A Safety Net That Might Not Hold
Long-term-care insurance doesn't have many fans, but that may change
When Betty Hoff moved into an assisted-living facility in Fowler, Calif., two years ago, the 86-year-old thought she didn't have anything to worry about financially. She had a long-term-care insurance policy that would pay up to $3,000 a month for three years of nursing home, assisted living, or home care. Hoff has severe arthritis and can get around only with a walker or cane, which means she could no longer cook, clean, or do the laundry. But her insurer denied the claim. Hoff wasn't cognitively impaired, and the company said she didn't need help with enough "activities of daily living," or ADLs, to qualify for benefits.
The family turned for help to California Health Advocates, a nonprofit in Sacramento, and 18 months later Hoff's insurer began paying for her long-term care. But the experience has taken a toll beyond the $45,000 assisted-living tab Hoff paid while she and her family battled for benefits. "Worrying about this has made her weaker," says Hoff's daughter, Edna Turpin.
Keep it simple. That's not the way it's supposed to be. Long-term-care insurance is meant to put people's worries about old-age care to rest, not make them worse. If someone is cognitively impaired, as with Alzheimer's, or has difficulty performing certain daily tasks, the policy is supposed to cover care in a nursing home or other facility, or even at home, up to a certain dollar amount for a specified length of time. But the insurance is also expensive, with premiums that sometimes spike unpredictably. In addition, it's difficult to compare policies because they vary widely in every particular, from which services they cover to how benefits are calculated to what constitutes an assisted-living facility. No wonder long-term-care insurance is a tough sell. Fewer than 10 million policies have been sold in the two decades since it was first offered.
Now, however, insurers are rolling out simpler policies at more moderate prices that they hope will entice more people to buy. Lincoln Financial, for example, recently introduced a streamlined underwriting process. Instead of a full physical exam, blood work-up, and medical background check, a nurse conducts a 45-minute phone interview with the applicant, followed by a background check and cognitive testing.
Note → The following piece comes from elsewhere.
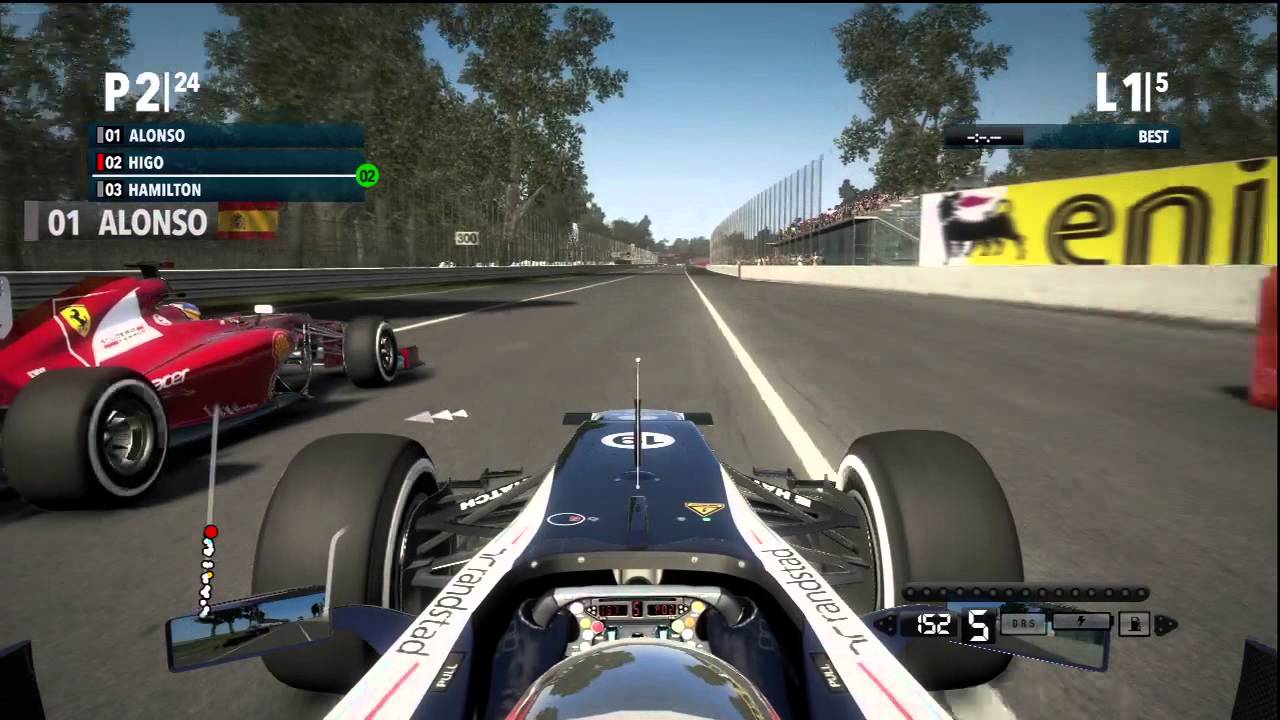 F1 2012 Monza Grand Prix Gameplay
The whole process can be completed in a few weeks instead of a few months. Last month, John Hancock launched a policy that ties inflation protection to the consumer price index rather than the typical-and more expensive-5 percent compound inflation protection offered by many policies.
Congress has also stepped in to encourage people to buy these policies. It authorized the expansion of partnership programs that let people who buy long-term-care insurance policies and exhaust their benefits eventually qualify for Medicaid while still sheltering some of their assets (story, Page 73). Four states already have such programs-California, Connecticut, Indiana, and New York-and 22 states say they plan to put them in place in 2007, according to the Kaiser Family Foundation.
Whether these newfangled policies offer better protection is unclear, but one thing everyone agrees on is that long-term care is a looming problem that is only going to get worse as millions of baby boomers age. More than half of seniors will experience some degree of chronic physical impairment by the time they reach 85, the typical age at which people make a long-term-care insurance claim. Of course, not everyone winds up in a pricey nursing home, where the average cost of a private room in 2006 is $206 a day. For people turning 65 in 2010, more than half will never use one at all, and only 9 percent will use one for five or more years, according to the Urban Institute.